_Exercise details_:
Copy the closing run of lines, from the one with "2 Inch x 660" through the last line of the listing, exactly and without any pictures.

_Records supplied_:
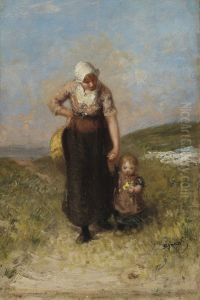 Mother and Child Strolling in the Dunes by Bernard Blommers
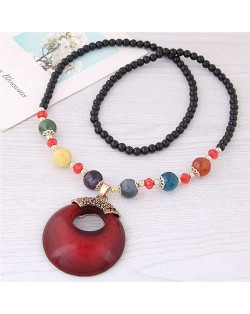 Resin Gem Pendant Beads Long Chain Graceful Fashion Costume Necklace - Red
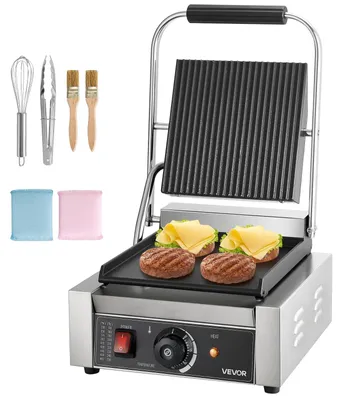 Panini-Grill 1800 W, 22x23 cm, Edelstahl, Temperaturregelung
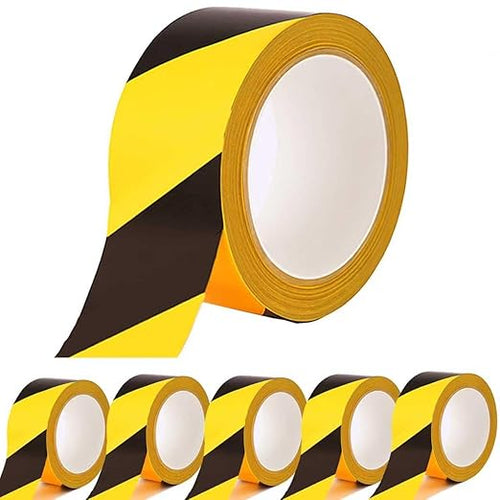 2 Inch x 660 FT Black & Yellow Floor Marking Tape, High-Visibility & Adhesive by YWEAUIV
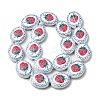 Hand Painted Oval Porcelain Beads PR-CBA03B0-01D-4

_Solution to this problem_:
 2 Inch x 660 FT Black & Yellow Floor Marking Tape, High-Visibility & Adhesive by YWEAUIV
 Hand Painted Oval Porcelain Beads PR-CBA03B0-01D-4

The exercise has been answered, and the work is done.